On 12 Oct 2023, at 06:07, Delong.com <owen@delong.com> wrote:
On Oct 10, 2023, at 17:20, Mark Andrews <marka@isc.org> wrote:
On 11 Oct 2023, at 09:43, Delong.com via NANOG <nanog@nanog.org> wrote:
As a community, we have failed, because we never acknowledged and addressed the need for backward compatibility between IPv6 and IPv4, and instead counted on magic handwaving about tipping points and transition dates where suddenly there would be "enough" IPv6-connected resources that new networks wouldn't *need* IPv4 address space any more.
I’m not sure that we never acknowledged it, but we did fail to address it, largely because I think we basically determined that it’s “too hard”.
It’s not actually that hard to do on a small scale, i.e. inside a home CPE with a DNS server and a NAT64 implementation that supports semi static mappings. It does require IPv4 sites have IPv6 connectivity. You stand up a DNS46 which requests an unused IPv4 address from a prefix block, say 10/8, when there is an IPv6 address without an IPv4 address from the NAT64 with the IPv6 address it needs to be mapped to with an initial NAT64 lifetime value. The DNS46 would forget the mapping after half that initial lifetime. The DNS46 would return A records limited half the lifetime or less so they timeout before the NAT64 mapping expires. The hard part is scaling up to a large client base because not every DNS query results in IP traffic and you need a prefix block big enough to support the add rate of the client base. Doing this at ISP scale would be interesting to say the least. This is not theoretical. It has been implemented in the past though some to the details might differ.
That’s not what we’re talking about… That’s translation, not backwards compatibility.
Companies that have gone IPv6-only internally do this with fully static IPv4 to IPv6 mappings and skip the DNS46 step.
But doing that requires that the companies have a certain amount of V4. The question was how to talk to v4-only hosts with ZERO IPv4 addresses available to you.
So if you have a legacy device that can’t talk IPv6 there is a solution space that allows it to talk to the IPv6 internet. You need to install it however. Adding DNS46 to a nameserver is about a days if you already have a DNS64 model. The hard bit is working out how to talk to the NAT64 implementation. A good project to put on a Raspberry Pi or similar.
I’m a new entity.

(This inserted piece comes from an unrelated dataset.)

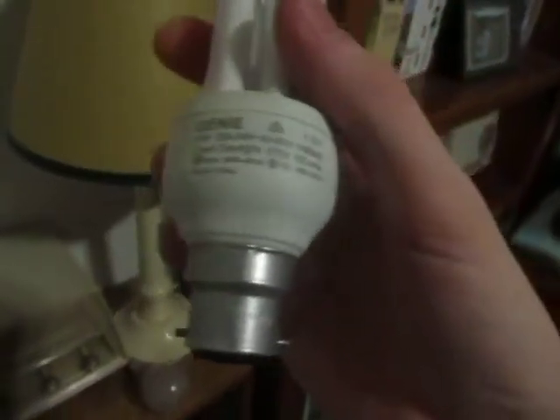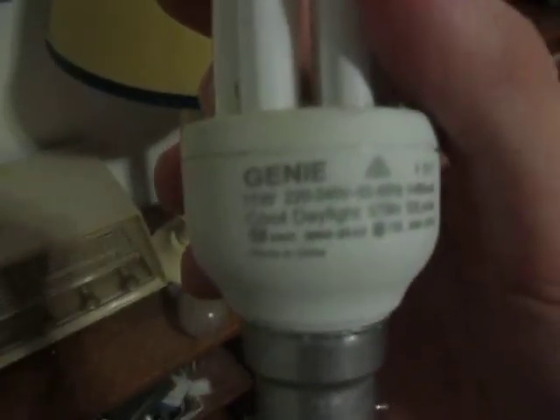Hi, well Chris here. I was just playing around with some CFLs and electricity and I noticed something kind of neat. I've just got a couple of Philips Genie 11 watt linear CFLs.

I need to talk to the IPv4 internet. I have zero IPv4 addresses and none are available to me.
How do I make any of this work?
That’s the question that remains unsolved and that’s the one we most desperately failed to tackle.
Owen
On Oct 11, 2023, at 12:47, Mark Andrews <marka@isc.org> wrote:
It is no different to deploying PNAT44 in every CPE box in the world to allow you to connect to the global IPv4 internet today. Virtually no home network on the planet has fully functional IPv4 available to it. Many businesses networks don’t have fully functional IPv4 networks. We have already installed transition middle boxes between the public IPv4 internet and your private IPv4 internet. The are just so ubiquitous that you are unaware of them. This is just a transition between your IPv4 internet (public or private) and the global IPv6 internet.
1. I’m one of the few homes that is an exception to that “virtually no home” statement. 2. Yes, I’m acutely aware of them, I’ve deployed plenty of them, and regret each and every one. 3. The difference is that you can deploy a PNAT44 CPE box without an IPv6 address. You cannot deploy a NAPT64 box without an IPv4 address.
Almost all traffic flows go through a transition box today.
Sad but true. Still not really relevant to the point being made.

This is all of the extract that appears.